Exclude the pictures and set down, unaltered, the lines from the one that holds "LEGO® Duplo Caring" through the end of the data.

### COLLECTED MATERIAL:
++++++
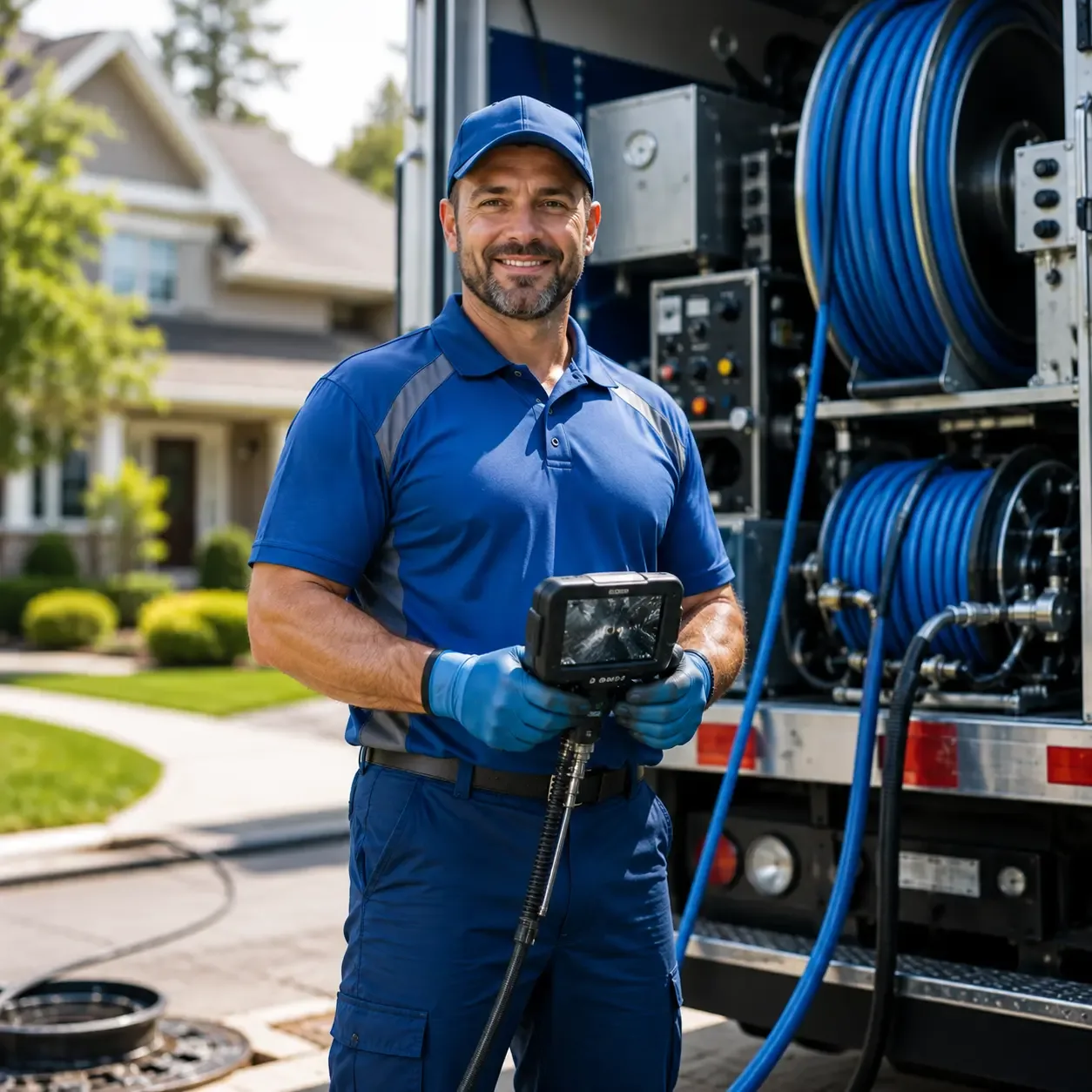 Local outdoor drain cleaning specialists in Robstown, TX
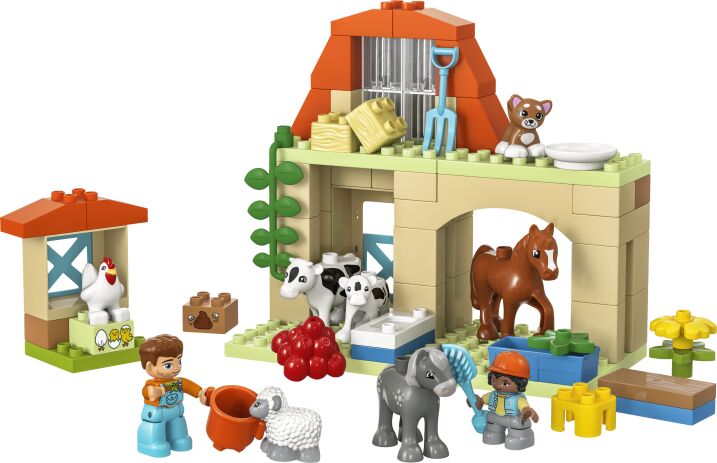 LEGO® Duplo Caring For Animals At The Farm (10416) (1)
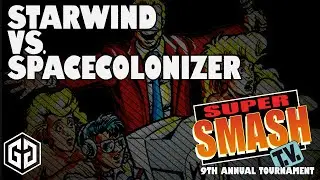 Super Smash TV 9th Annual (Easy%) Tournament: Starwind Vs. SpaceColonizer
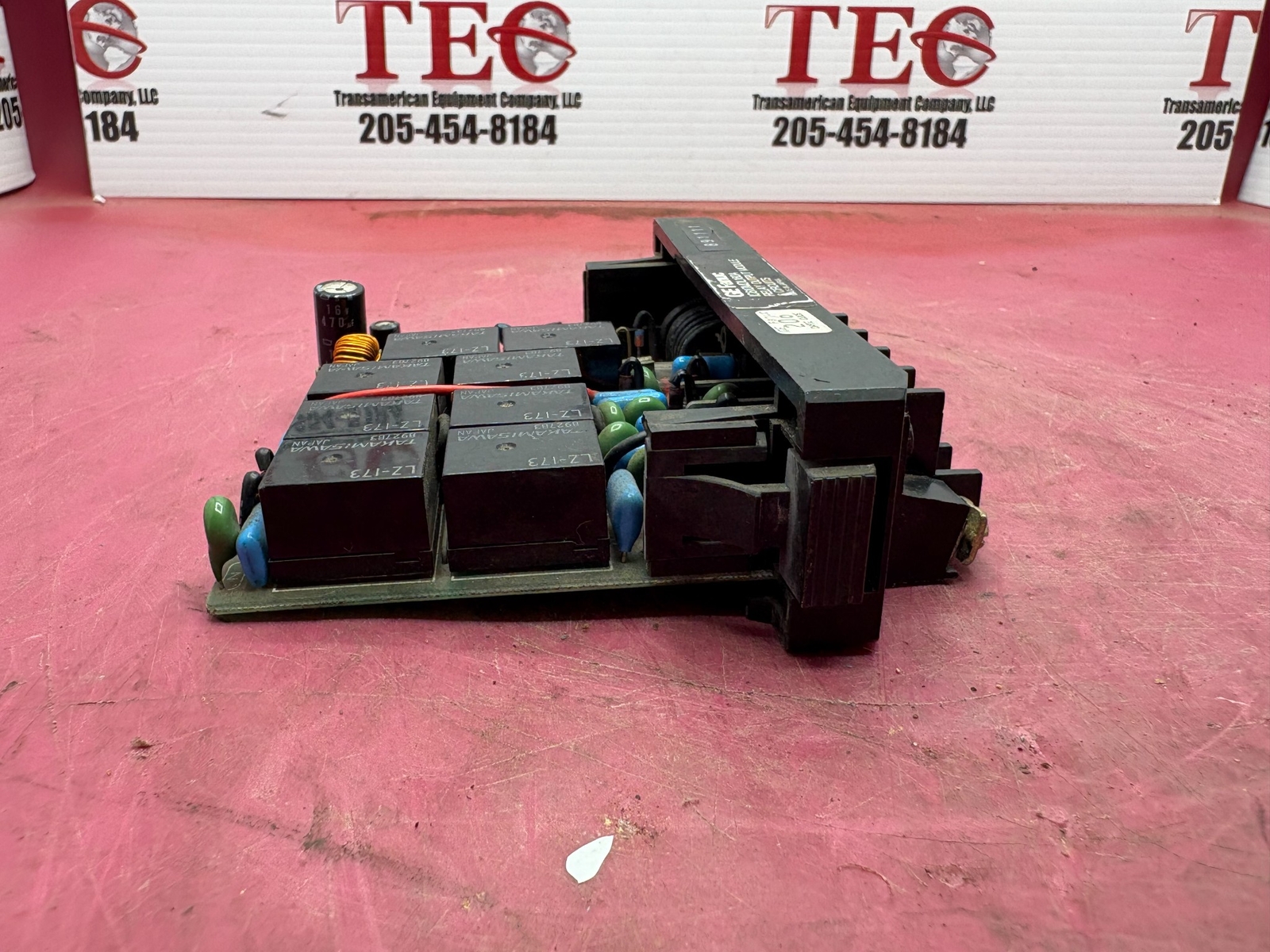 General Electric IC610MDL180A Fanuc Relay Output Module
++++++
### ANSWER AREA:
 LEGO® Duplo Caring For Animals At The Farm (10416) (1)
 Super Smash TV 9th Annual (Easy%) Tournament: Starwind Vs. SpaceColonizer
 General Electric IC610MDL180A Fanuc Relay Output Module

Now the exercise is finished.